LINDA O. MCMURRY
The lynchings of Thomas Moss, Calvin McDowell, and Will Stewart in March 1892 were not significant for their rarity--that year at least 158 other African Americans were killed by angry mobs for alleged offenses against white society. The location of the lynchings in Memphis, Tennessee, was also not remarkable; seventeen other black Tennesseans were lynched that year and forty-six African Americans had been killed in an 1866 race riot in Memphis. The three deaths assumed a special importance mostly because of their impact on the young journalist, Ida B. Wells. She knew all three men and was godmother to Moss's daughter. Outraged by the murder of her friends, Wells mobilized her considerable talents and energies to battle the evil of mob violence. Thus began the perfect marriage of an individual and a cause.

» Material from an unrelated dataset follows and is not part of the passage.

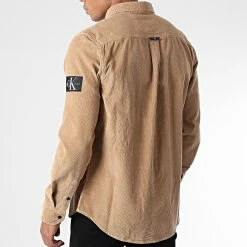 Tout neuf 👍 Surchemise Monologo Badge 2208 Camel de Calvin Klein 🌟 -Calvin Klein Soldes Magasin calvin klein 344906 J30J322208 GV7 20221025T155653 04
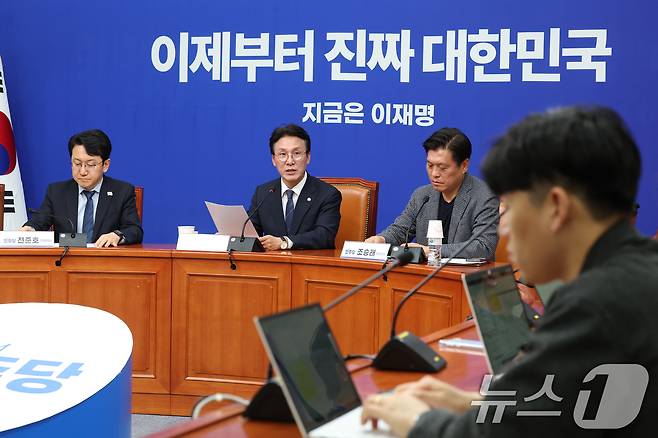 김민석 더불어민주당 상임공동 선거대책위원장이 4일 오전 서울 여의도 국회에서 기자간담회를 하고 있다. 2025.5.4/뉴스1 ⓒ News1 이광호 기자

Born to slave parents on 16 July 1862, in Holly Springs, Mississippi, Wells was the eldest of seven children. In 1878 her parents, James Wells and Lizzie Bell, and one sibling died in a yellow fever epidemic. Wells returned from Shaw (later Rust) University and rejected plans to divide the remaining children among friends and relatives. Instead, at the age of sixteen, she assumed responsibility for her brothers and sisters and became head of the household. She began teaching and eventually moved to Memphis, where she participated in the rich cultural life of the black elite. There she might have led a conventional life but for her temperament and a series of events.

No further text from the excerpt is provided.